On Tue, 8 Sep 1998, Bart Warmerdam wrote:
> On Tue, Sep 08, 1998 at 06:15:40PM +1200, Michael Beattie wrote:
> > On 7 Sep 1998, Jens Ritter wrote:
> >
> > > Michael Beattie <[EMAIL PROTECTED]> writes:
> > >
> > > > I was going through my .wav file collection, and after a while (250 odd
> > > > playings) bplay died reporting there was "no room left on device". I
> > > > tried
> > > > starting quake after this... segfault, like I predicted. DMA allocation
> > > > failed.
[...]
> The same problems happens to me too. Is occures when my machine is low on
> physical memory and there seems to be not enough room to allocate the DMA
> buffer. When you start some big programs (memory consumption) like netscape
> and terminate them, does that solve it?? It does to me. Error displayed in
> /var/log/messages is something like "can't allocate DMA buffer" and looks to
> programs like "can't open device /dev/dsp". If so, please post again.

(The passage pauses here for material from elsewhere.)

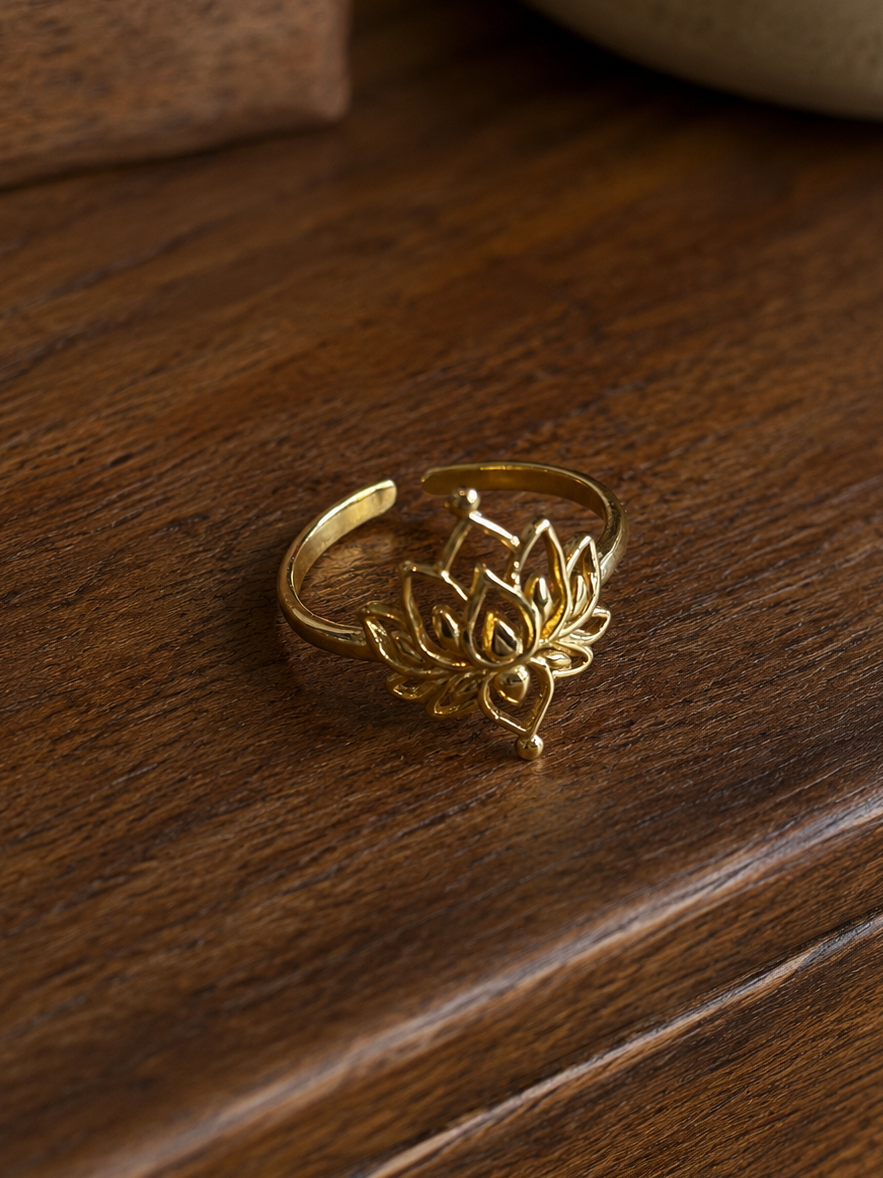 Maya Lotus Ring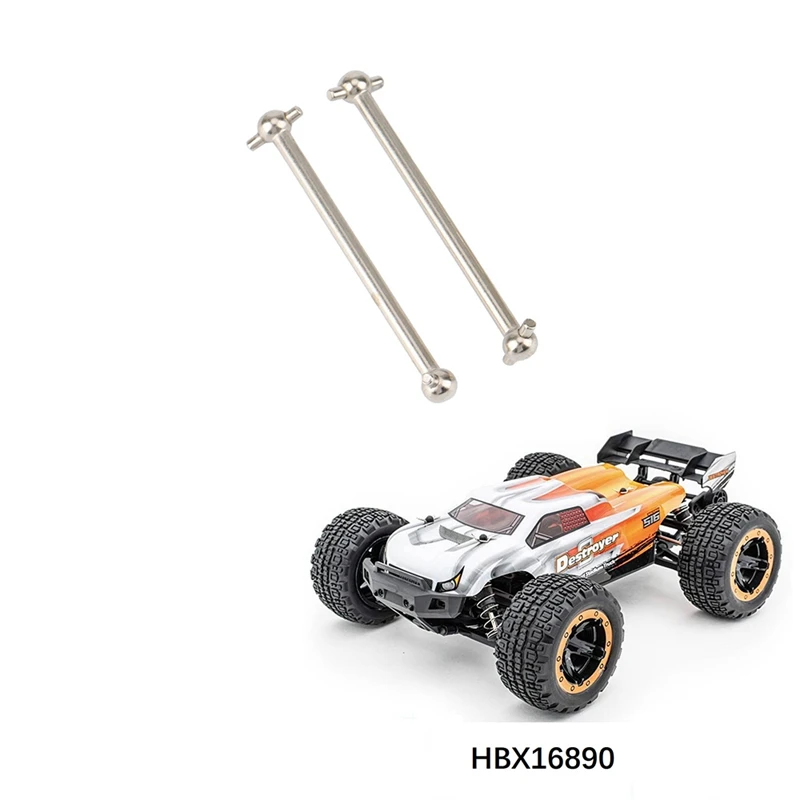 Фото 2 шт. металлический задний приводной вал Dogbone для HAIBOXING HBX 16889 16889A 16890 16890A SG1601 SG1602 1/16 обновленные детали для радиоуправляемых автомобилей №5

Unfortunately, the PC ISA DMA controller can't address memory beyond the
first 16MB. So, when a DMA buffer is requested, the kernel has to find a
continuous chunk of memory that is physically below 16MB. If it can't find
it, too bad.
Launching a big program like Netscape and exiting will often clear up
some memory if it forces some swapping. There's also a program called
"swapout" from ftape which tries to clear out some DMA-able memory. (Since
ftape uses the floppy controller and DMA, it also needs buffers below
16MB.)
Sincerely,
Ray Ingles (248) 377-7735 [EMAIL PROTECTED]
"Every question has a simple, easy-to-understand wrong answer."